On April 23 young woman was struck by a car at Bathurst and Queens Quay. She left in an ambulance.

A third accident between two cars occurred May 11.

The meeting was told 100 traffic tickets have been issued in the past month, as Toronto police step up enforcement activities at that intersection.

The Community Council decided to:

•    Prohibit northbound left turns from Eireann Quay to Queens Quay West at all times,

•    Prohibit northbound right turns from Eireann Quay to Queens Quay West when the  traffic control signal shows red,

•    Prohibit eastbound right turns from Queens Quay West to Eireann Quay when the traffic control signal shows red

•    Modify the pavement markings at the intersection of Queens Quay West and Eireann Quay/Bathurst Street by

1.    installing zebra markings on all four crosswalks,

2.    improving the bicycle lane markings on the westbound approach,

3.     installing any additional guide lines required to assist motorists through the centre of the intersection, and

4.    delineating a new school bus loading zone immediately south of the intersection

•    Prohibit northbound left turns from Stadium Road to Lake Shore Boulevard West, from 4:00 p.m. to 6:00 p.m., Monday to Friday, except Public Holidays.

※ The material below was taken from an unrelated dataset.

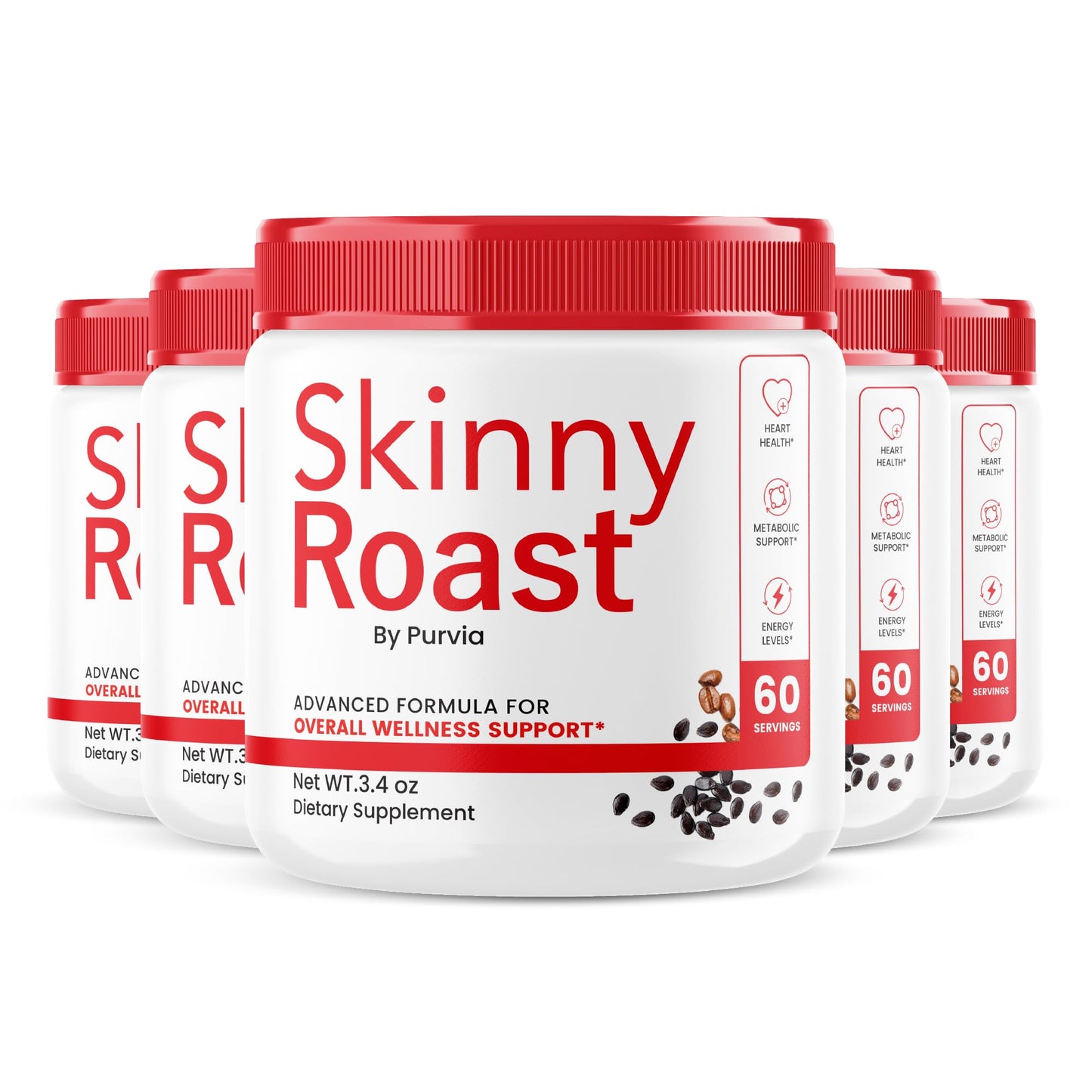 Purvia Skinny Roast Powder 20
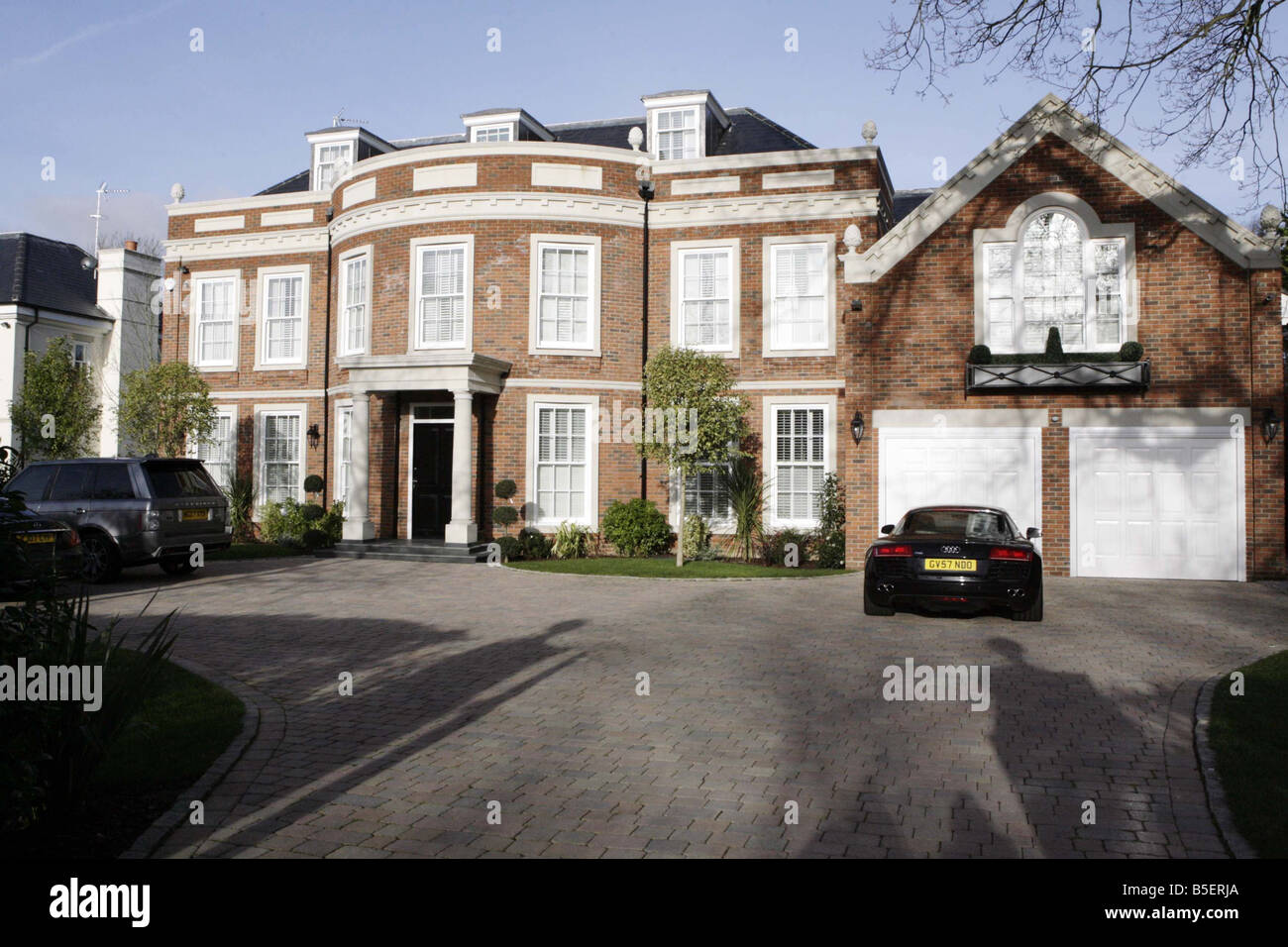 The Home Of Ashley Cole And Cheryl Tweediy In Oxshott Surrey Footballer Ashley Cole Was Branded A Love Cheat By 22 Year Old Hairdresser Aimee Walton Who Claimed The Chelsea Star Cheated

•    Prohibit eastbound right turns from Lake Shore Boulevard West to Stadium Road, from 7:00 a.m. to 9:00 a.m., Monday to Friday, except Public Holidays.

•    Prohibit heavy trucks at all times on Stadium Road, between Lake Shore Boulevard West and the south end of Stadium Road

•    Install a red light camera at the Bathurst Street/Queen’s Quay/Eireann Quay intersection

•    Narrow the Eireann Quay roadway at the south side of the intersection

•    Create seven short stay parking spaces for parent pick-up and drop-off for the two schools and day care centre at that intersection.

Speed bumps on Eireann Quay, approved for installation in August 2010, but delayed by threat of legal action from the TPA, are now likely to be installed following a further round of consultation.

Parents and community members continue to stop traffic with banners in that intersection twice daily to protect their children.